# Exercise objective:
Beginning with the line that holds "A Husband Burned" and ending with the last line of the entries below, copy every line exactly and nothing else, with the pictures left out.

# Stored items:
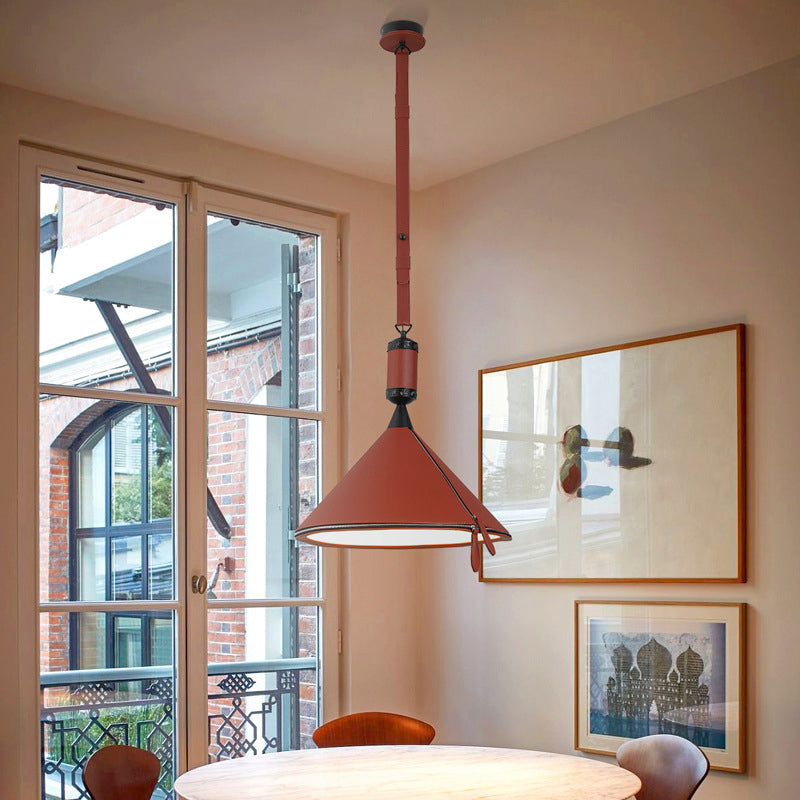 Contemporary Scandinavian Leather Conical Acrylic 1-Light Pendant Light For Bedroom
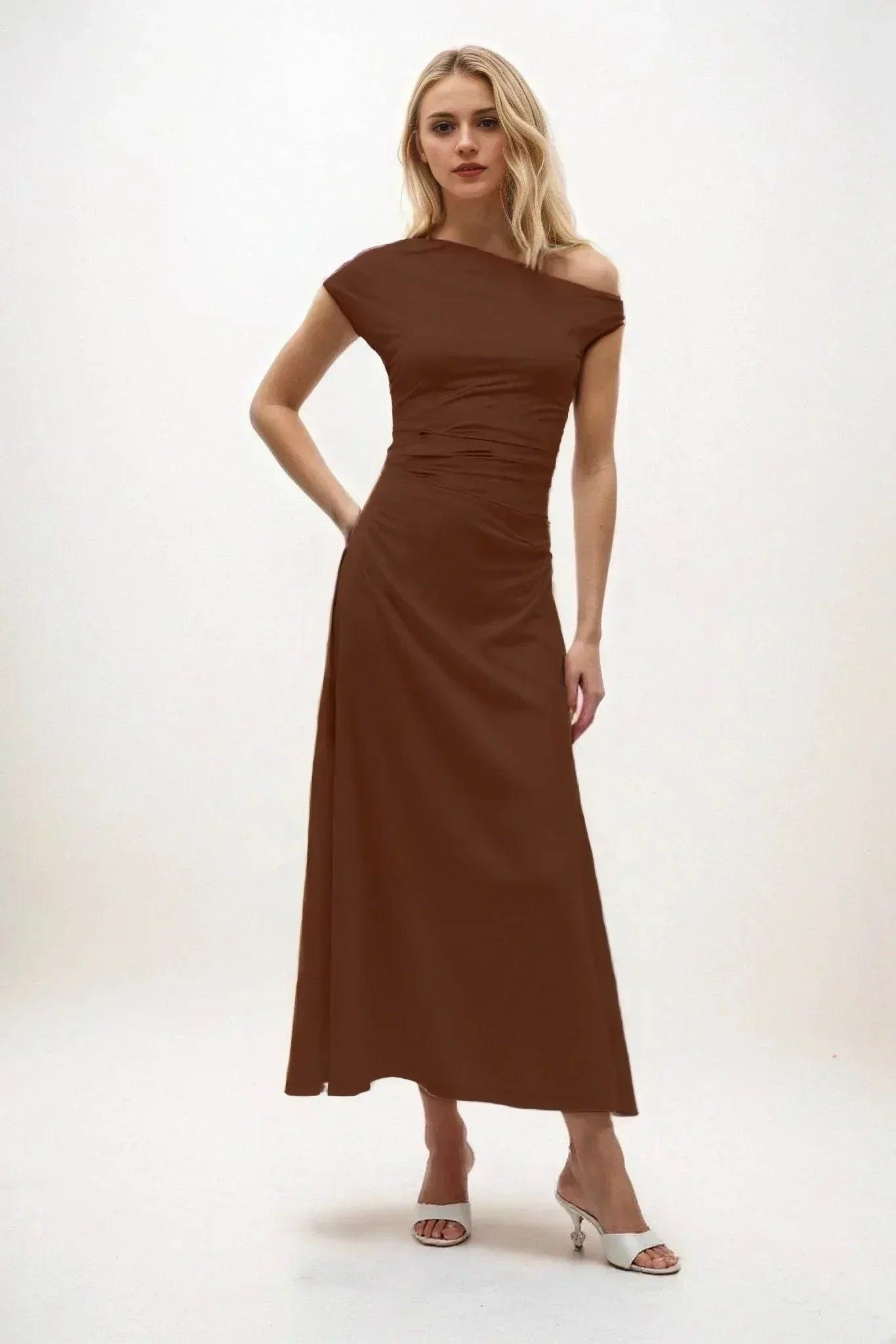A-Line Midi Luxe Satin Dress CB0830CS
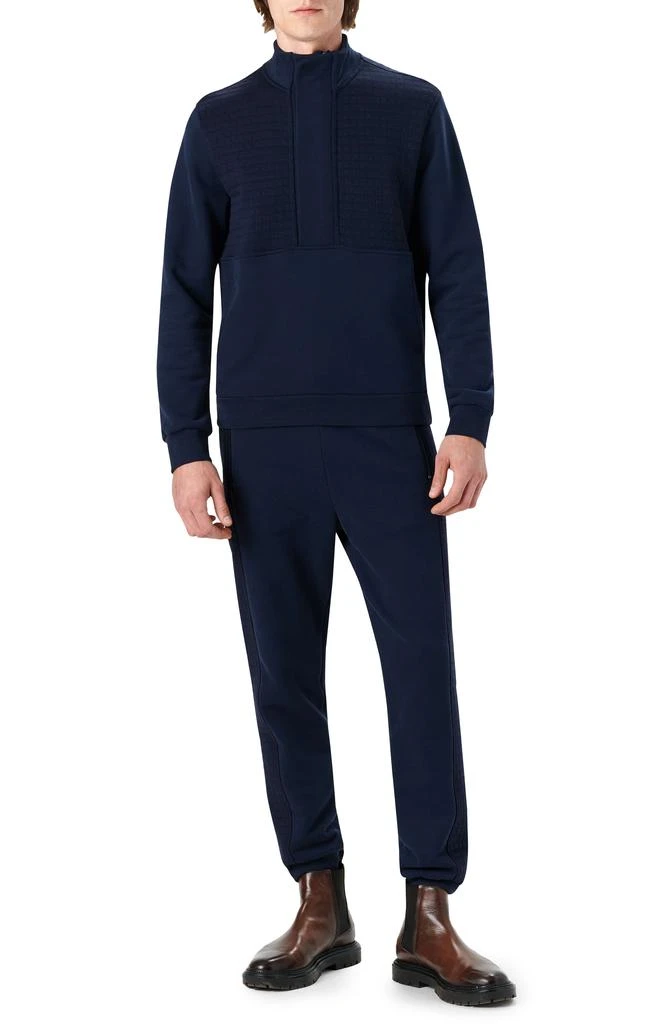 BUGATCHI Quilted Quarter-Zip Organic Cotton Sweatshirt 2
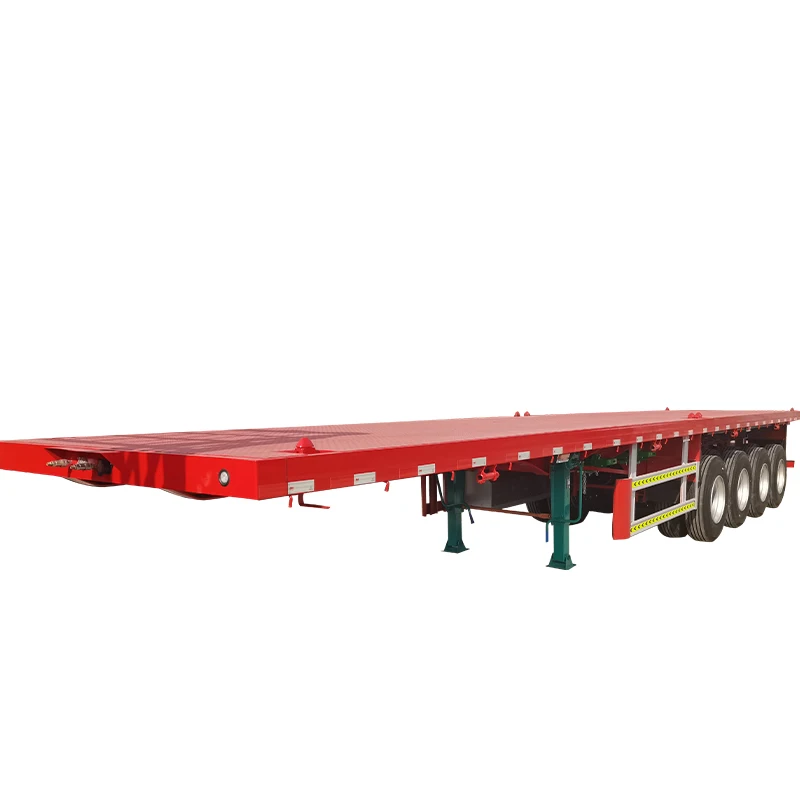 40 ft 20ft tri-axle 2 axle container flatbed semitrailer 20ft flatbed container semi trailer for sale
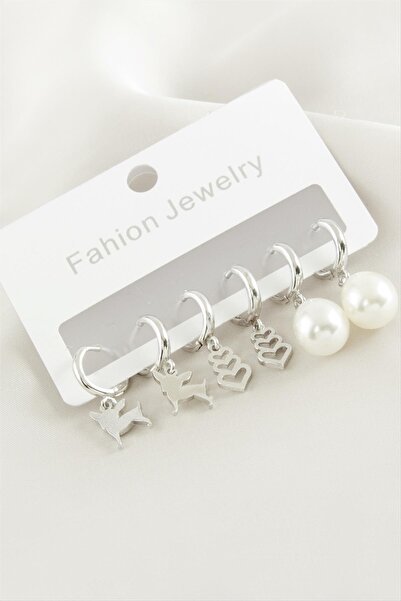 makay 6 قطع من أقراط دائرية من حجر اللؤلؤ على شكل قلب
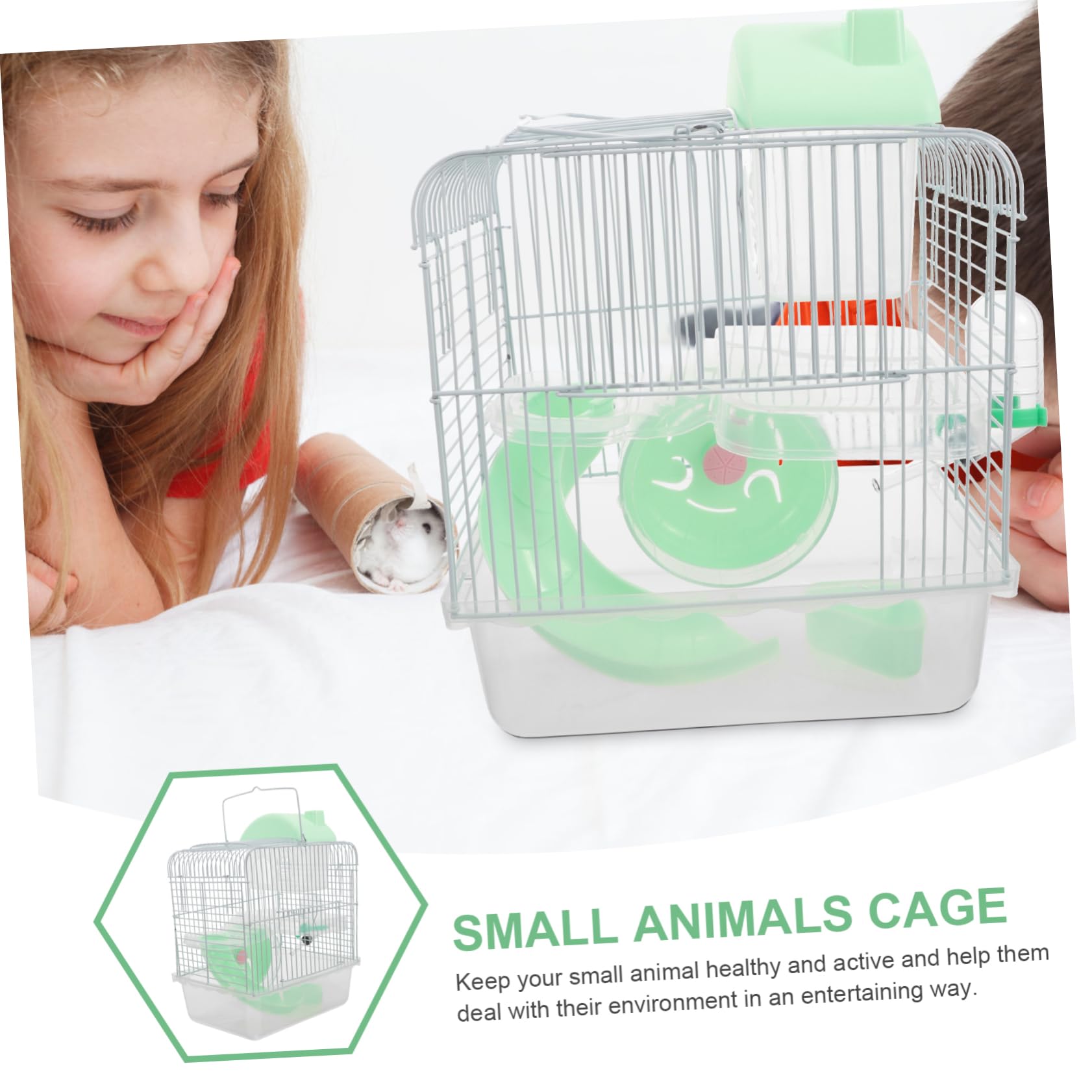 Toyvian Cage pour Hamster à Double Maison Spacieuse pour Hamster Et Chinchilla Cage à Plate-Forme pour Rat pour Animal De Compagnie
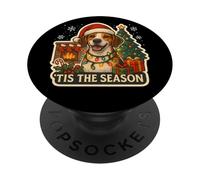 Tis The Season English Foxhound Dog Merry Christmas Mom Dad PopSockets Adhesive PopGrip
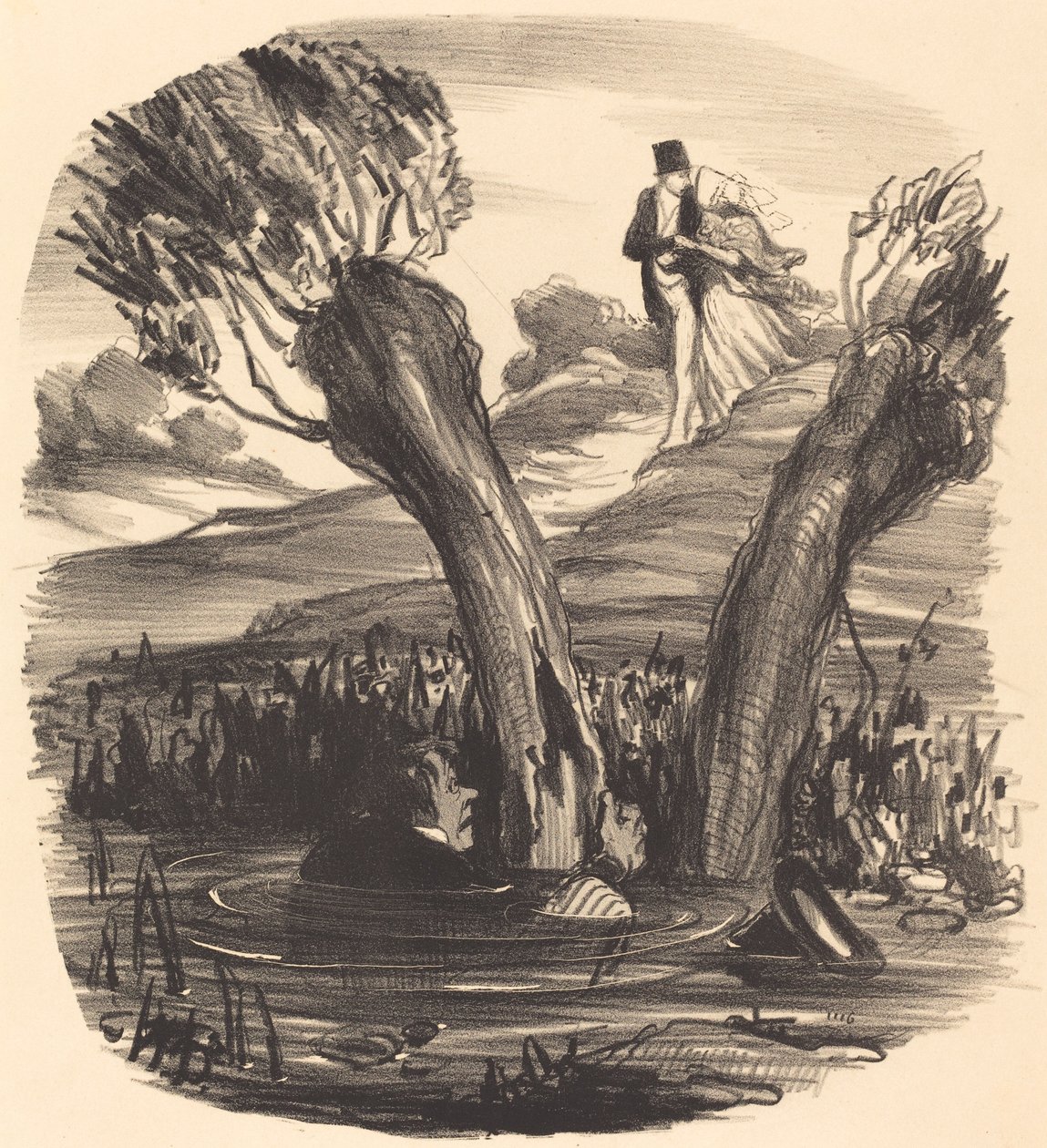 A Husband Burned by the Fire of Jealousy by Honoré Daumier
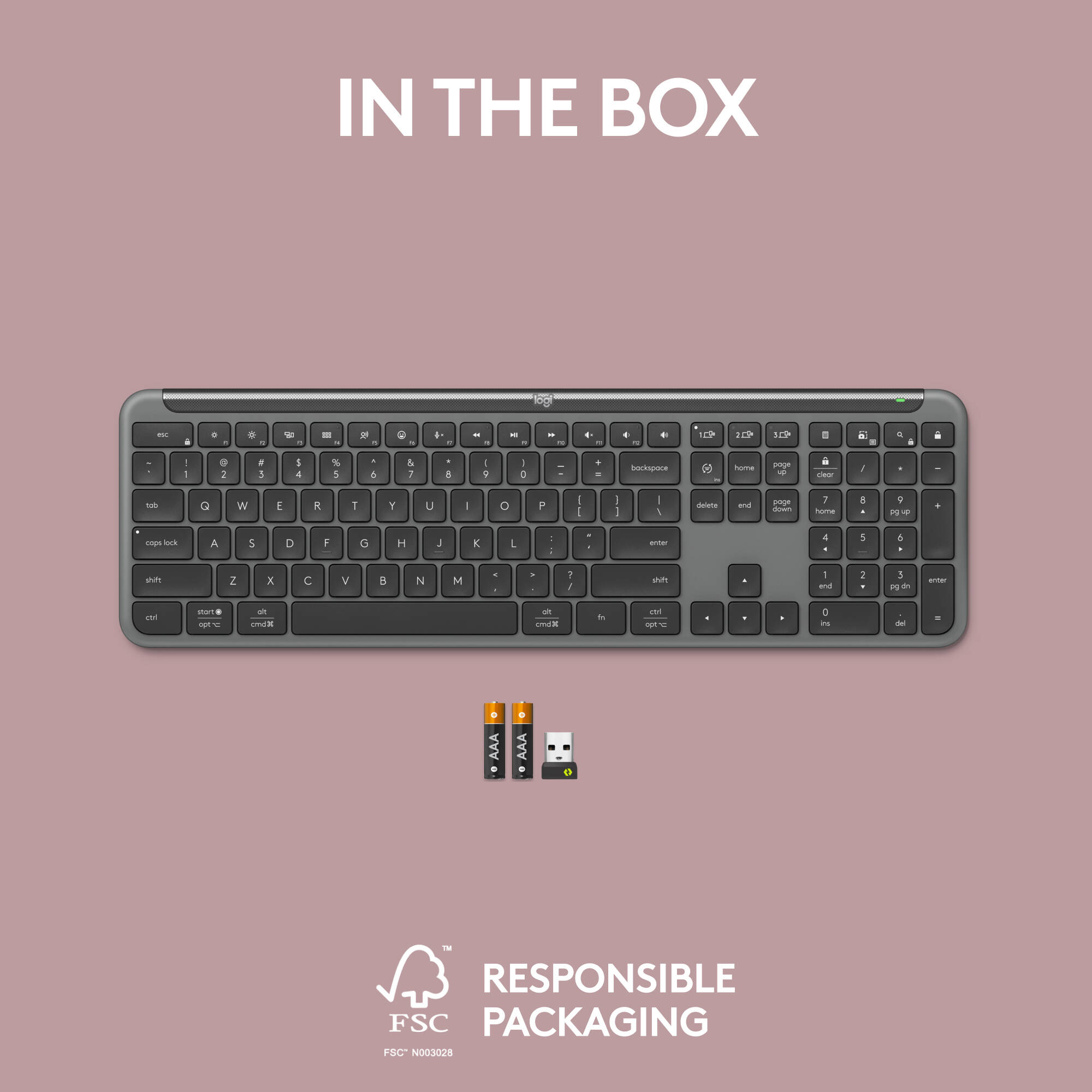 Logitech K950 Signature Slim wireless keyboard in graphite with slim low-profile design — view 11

# Written solution:
 A Husband Burned by the Fire of Jealousy by Honoré Daumier
 Logitech K950 Signature Slim wireless keyboard in graphite with slim low-profile design — view 11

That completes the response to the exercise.